As suspeitas pela morte do ex-PM foram levantadas pelo próprio presidente Jair Bolsonaro (PL), dias após a ocorrência na Bahia. Ele e Flávio defenderam uma perícia independente para analisar o caso. 

A atuação de Bolsonaro foi alvo de elogio de Tatiana em uma outra conversa. “Ele foi nos jornais e colocou a cara. Ele falou: “

‘Eu estou tomando as devidas providências para que seja feita uma nova perícia no corpo do Adriano’. Porque ele só se dirige a ele como Adriano, capitão Adriano”. 

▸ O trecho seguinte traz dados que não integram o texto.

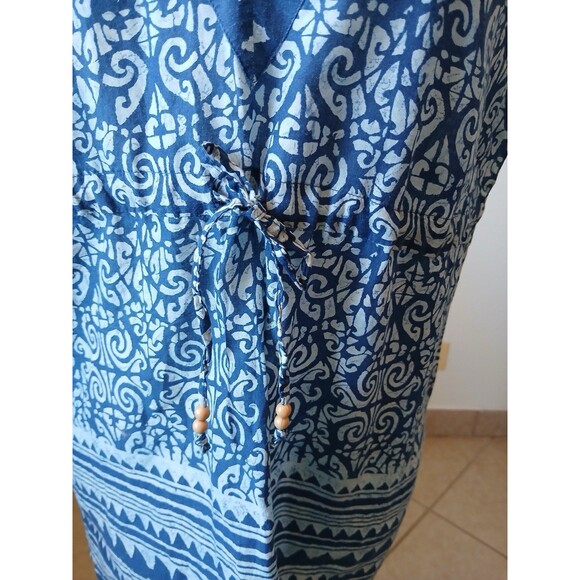 Gap Blouse Women’s Size Medium  V Neck Sleeveless Floral Blue Bohemian Peasant - Picture 7 of 14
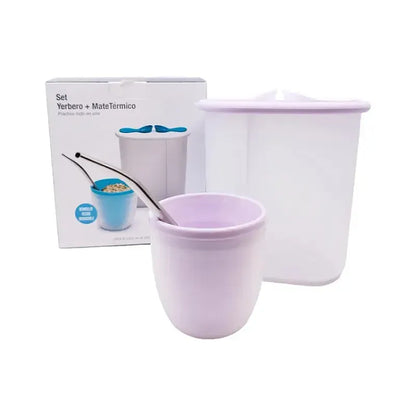 Set Yerbero Azucarero Oval Mas Mate Con Bombilla Bipo9#Lavanda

Ela também sugere que a ordem para matar o irmão foi do ex-governador Wilson Witzel. “Foi esse safado do Witzel, que disse que se pegasse era para matar. Foi ele”, pontuou. 

Foi possível analisar pelas escutas que, na avaliação da família de Adriano, ele era acusado de integrar uma milícia apenas para vincular o presidente aos grupos paramilitares. Tatiana, por sua vez, enfatiza ao negar a acusação feita ao irmão, a quem classifica como bicheiro. “Pessoal cisma que ele era miliciano. Ele não era miliciano, não. Era bicheiro. Querem pintar o cara numa coisa que ele não era por causa de coisa política porque querem ligar ele ao Bolsonaro. Querem ligar ele a todo custo ao Bolsonaro”. 

“Aí querem botar ele como uma pessoa muito ruim para poderem ligar ao Bolsonaro. Já disseram que foi o Bolsonaro quem assassinou. Quando a gente queria cremar, diziam que a família queria cremar rápido porque não era o Adriano. Uma confusão”. 

O vínculo de Bolsonaro com Adriano é desde 2005, quando, num discurso na Câmara dos Deputados, Bolsonaro criticou a condenação do então tenente da PM pela morte de um flanelinha numa operação policial. 

Em 2007, a então mulher do ex-PM, Daniella Mendonça, foi empregada no gabinete de Flávio Bolsonaro na Assembleia do Rio. Já em 2016, foi a vez do próprio Adriano assumir um cargo no mesmo lugar. As duas são acusadas de envolvimento no caso da “rachadinha”.